Valid JSON Load in Python file

Question

Running into a problem with my JSON:

First issue was that SyntaxError: Non-ASCII character '\xe2' in file so I added # -*- coding: utf-8 -*- at the top of my file.

Then the problem became a problem where I load my JSON x = json.loads(x): ValueError: Expecting , delimiter: line 3 column 52 (char 57). I referenced this stackoverflow solution and so added an r in front of my JSON:

x = r"""[
  { my validated json... }
]"""

But then I get an error TypeError: sequence item 3: expected string or Unicode, NoneType found - I think it that the r is throwing it off somehow?

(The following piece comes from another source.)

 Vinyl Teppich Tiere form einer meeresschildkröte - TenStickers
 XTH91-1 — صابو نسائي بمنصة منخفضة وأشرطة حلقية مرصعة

JSON Resembles the following:

[
  {
    "brief": "Brief 1",
    "description": "Description 1",
    "photos": [
      "https://cdn.shopify.com/s/files/1/01/01/01/files/imgs-example.jpg?0101010101010",
      "https://cdn.shopify.com/s/files/1/01/01/01/files/imgs-example2.jpg?0101010101010",
      "https://cdn.shopify.com/s/files/1/01/01/01/files/imgs-example3.jpg?0101010101010"
    ],
    "price": "145",
    "tags": [
      "tag1",
      "tag2",
      "tag3"
    ],
    "title": "Title 1"
  },
  {
    "brief": "Brief 2",
    "description": "Description 2",
    "photos": [
      "https://cdn.shopify.com/s/files/1/01/01/01/files/imgs-example4.jpg?0101010101010",
      "https://cdn.shopify.com/s/files/1/01/01/01/files/imgs-example5.jpg?0101010101010"
    ],
    "price": "150",
    "tags": [
      "tag4",
      "tag5",
      "tag6",
      "tag7",
      "tag8"
    ],
    "title": "Title 2"
  },{
    "brief": "blah blah 5'0\" to 5'4\"",
    "buyerPickup": true,
    "condition": "Good",
    "coverShipping": false,    
    "description": "blah blah 5'0\" to 5'4\". blah blah.Size L/20”\n 5’8-5’11\n29lbs\n3x7 speed\n\n  \r\n\r\n",
    "photos": [
      "https://cdn.shopify.com/s/files/1/01/01/01/files/imgs-010101.jpeg?11111",
      "https://cdn.shopify.com/s/files/1/01/01/01/files/imgs-020202?111111"
    ],
    "price": "240",
    "tags": [
      "tag2",
      "5'0\"-5'4\""
    ],
    "title": "blah blah 17\" Frame",
    "front": "https://firebasestorage.googleapis.com/v0/b/example.appspot.com/o/Images%2F0007891113.jpg?alt=media&token=111-11-11-11-111"    
  } 
]

CURRENT CODE

# -*- coding: utf-8 -*-

import csv
import json

x = """[
      {
        "brief": "Brief 1",
        "description": "Description 1",
        "photos": [
          "https://cdn.shopify.com/s/files/1/01/01/01/files/imgs-example.jpg?0101010101010",
          "https://cdn.shopify.com/s/files/1/01/01/01/files/imgs-example2.jpg?0101010101010",
          "https://cdn.shopify.com/s/files/1/01/01/01/files/imgs-example3.jpg?0101010101010"
        ],
        "price": "145",
        "tags": [
          "tag1",
          "tag2",
          "tag3"
        ],
        "title": "Title 1"
      },
      {
        "brief": "Brief 2",
        "description": "Description 2",
        "photos": [
          "https://cdn.shopify.com/s/files/1/01/01/01/files/imgs-example4.jpg?0101010101010",
          "https://cdn.shopify.com/s/files/1/01/01/01/files/imgs-example5.jpg?0101010101010"
        ],
        "price": "150",
        "tags": [
          "tag4",
          "tag5",
          "tag6",
          "tag7",
          "tag8"
        ],
        "title": "Title 2"
      },{
        "brief": "blah blah 5'0\" to 5'4\"",
        "buyerPickup": true,
        "condition": "Good",
        "coverShipping": false,    
        "description": "blah blah 5'0\" to 5'4\". blah blah.Size L/20”\n 5’8-5’11\n29lbs\n3x7 speed\n\n  \r\n\r\n",
        "photos": [
          "https://cdn.shopify.com/s/files/1/01/01/01/files/imgs-010101.jpeg?11111",
          "https://cdn.shopify.com/s/files/1/01/01/01/files/imgs-020202?111111"
        ],
        "price": "240",
        "tags": [
          "tag2",
          "5'0\"-5'4\""
        ],
        "title": "blah blah 17\" Frame",
        "front": "https://firebasestorage.googleapis.com/v0/b/example.appspot.com/o/Images%2F0007891113.jpg?alt=media&token=111-11-11-11-111"    
      } 
    ]"""

x = json.loads(x)

f = csv.writer(open("example.csv", "wb+"))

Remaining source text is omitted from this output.